Önümüzdeki yıllarda özellikle yapay zeka, biyo-teknoloji/medikal teknoloji, gen bilimi, malzeme bilimi/nano teknoloji ve veri bilimin de yeni bir bilimsel dip dalganın neden olacağı teknolojik ilerleme dehşet boyutlara ulaşarak ne evrende ne tabiatta ne de insan vücudunda henüz keşfedilmemiş birçok bilinmeyeni, sırları çözümleyerek insanlığı post-hüman bir döneme taşıyacaktır.
İnsanlar ve teknoloji arasındaki simbiyotik ilişki benzeri görülmemiş yüksekliklere ulaşmaya hazırlanıyor. Unutmayalım ki; Dijital dönüşüm yolculuğu sadece teknolojiden ibaret olmayıp aynı zamanda toplumlarımızın yapısını yeniden şekillendirmekle ilgilidir.
Burada en önemli konu 2050’de dünya nerede olacak? Genel ve yerel kamu yönetimleri bu gelişmelere uyum sağlayabilecekler mi? Bu dönüşümü yönetmeye hazırlar mı?
İnsan ve Makinenin birlikte üretimi/hizmeti boyutuyla değerlendirirsek; 2050 yılına gelindiğinde, teknolojiyle etkileşimlerimiz o kadar kesintisiz olacak ki, dijital ve fiziksel dünyalar arasındaki çizgiler bulanıklaşacak, sınırlar kalkacak belki de iç içe geçecektir. Yapay zeka-AI tarafından desteklenen bilişsel teknolojiler, bu geçişi sorunsuz, sezgisel ve neredeyse mükemmel yapacak kapasiteye ulaşacaktır.
IOT, Web 3.0'ın ve metaverse'in yükselişi kamusal alanda geleneksel yönetişimin ve bürokratik işleyişin kökten radikal bir biçimde dönüşmesine sebep olacaktır.
Kapalı ve şeffaf olmayan bir sistem içinde işletilen Kamu yönetiminin veriler üzerindeki gücü, manipülatif kullanımı eskisi kadar kolay olmayacak yani kamunun verilerin dizginlerini elinde tuttuğu dönem sona erecektir. Dijital teknolojiler sayesinde Vatandaşlar, verilerinin gerçek koruyucuları olacak ve kimin ve hangi amaçla erişeceğine karar verme gücünü kullanacaklardır. Kısacası, veri biliminde yaşanan dip dalga kamuda hesap verilebilirlik ve şeffaflık dönemi için itici güç olacak veri konusunda da halkın sorgulama gücü ve denetimi belirleyici olabilecektir.

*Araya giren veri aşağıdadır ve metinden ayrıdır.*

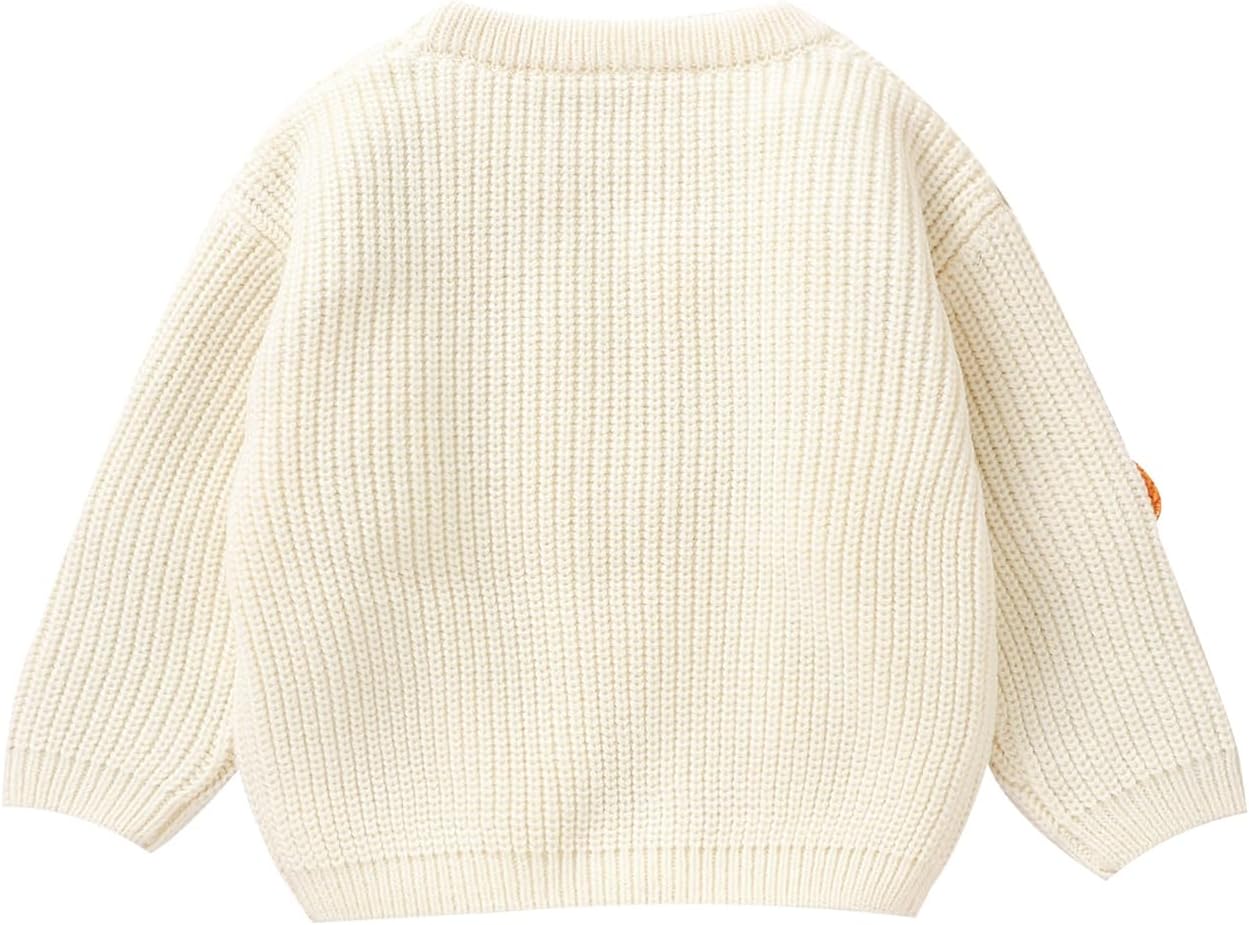 Cute Pumpkin Sweater for Kids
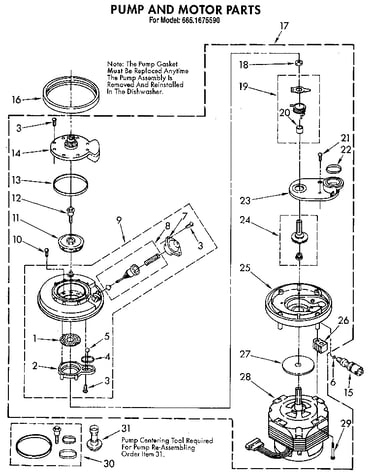 Pump and motor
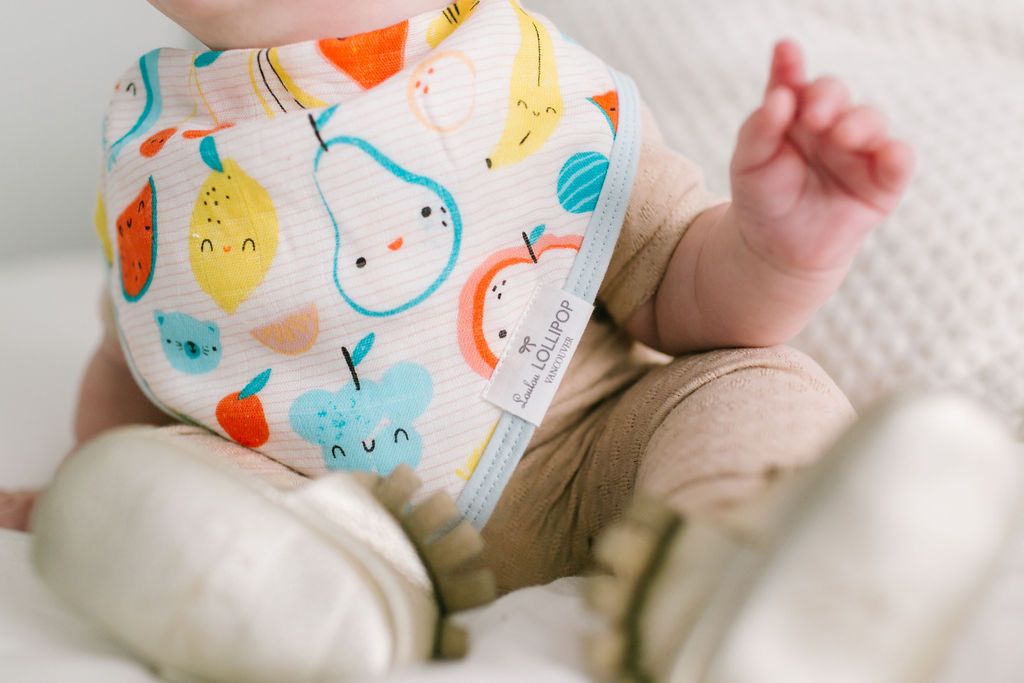 
                  
                    Muslin Bandana Bib Set - Cutie Fruits
                  
                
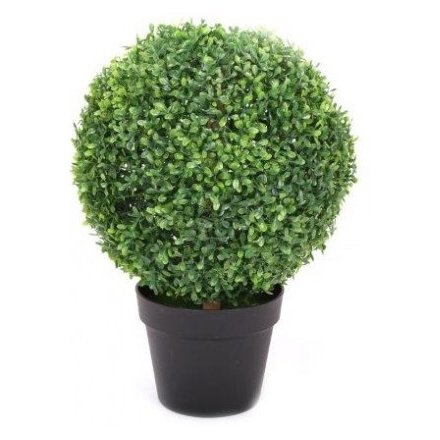 Round Potted Topiary, 40cm 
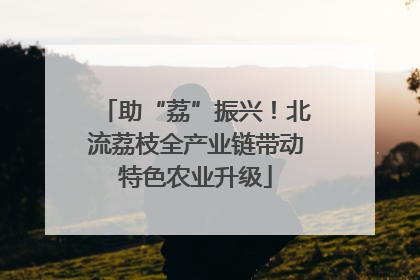 助“荔”振兴！北流荔枝全产业链带动特色农业升级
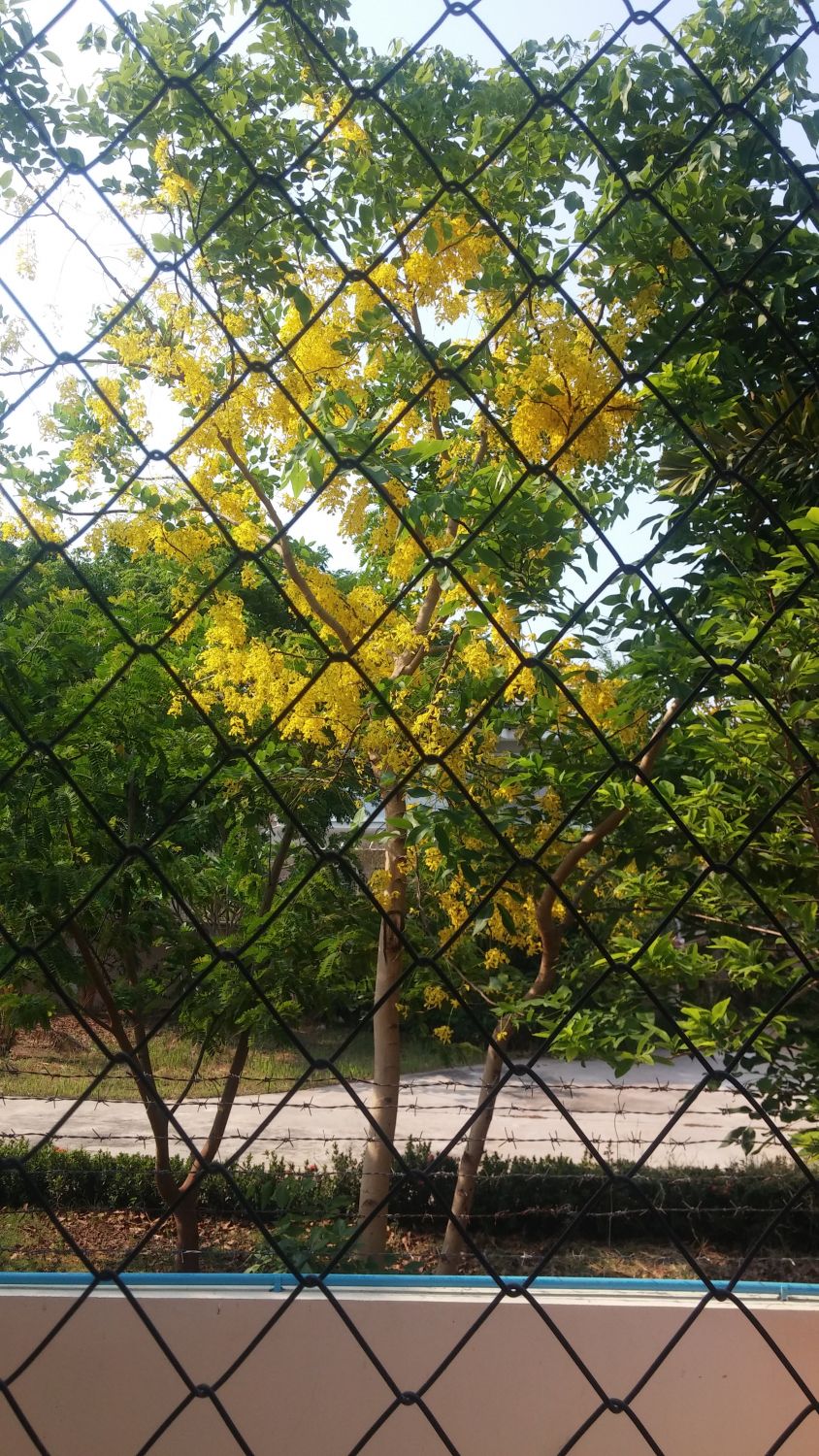 บ้านริดา รูปที่ 6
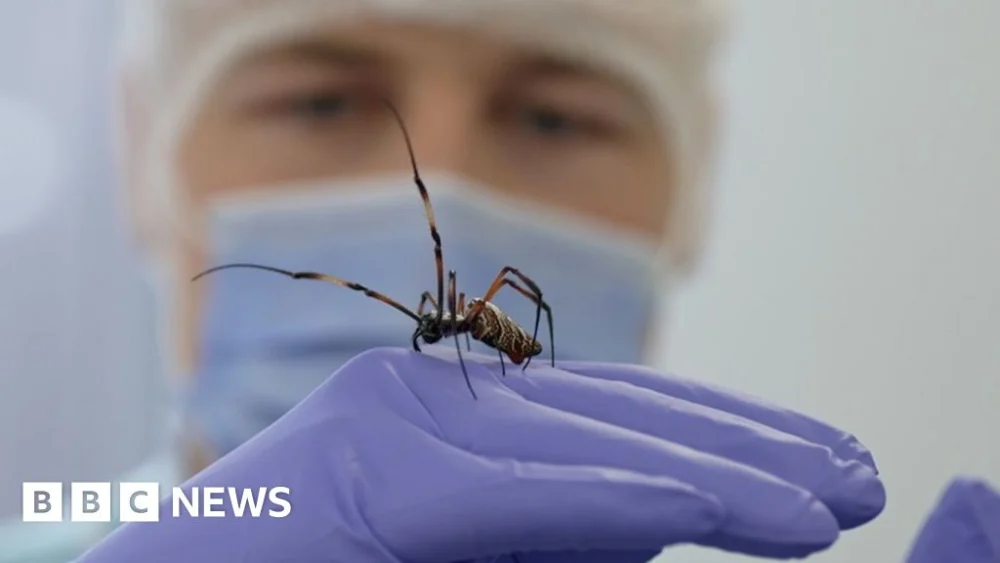 Could this spider’s silk help repair nerve senses?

Diğer taraftan, kamu yönetiminde İnovasyon ve Çeviklik ön plana çıkmak zorunda kalacaktır. Devasal bürokratik iş süreçlerinden çevik yönetime geçerek gerçek zamanlı veri akışlarından ve toplum yararına yeniliklerden yararlanılacaktır. Kamu hizmeti sağlamada iyi olmak, rekabetçi olmak Vatandaşlara daha iyi, daha hızlı ve daha şeffaf hizmet verilmesi ile ölçülecektir.
Dijitalleşme sadece üretimi-hizmet kalitesini, verimliliği, maliyetleri düşürmeyi, yeşil ekonomiye geçişi artıran bir araç olmayıp aynı zamanda sürdürülebilir yaşam hedeflerine ulaşma yolunda daha adil bir geleceğe katkıda bulunan çok önemli bir paradigma dönüşümüdür.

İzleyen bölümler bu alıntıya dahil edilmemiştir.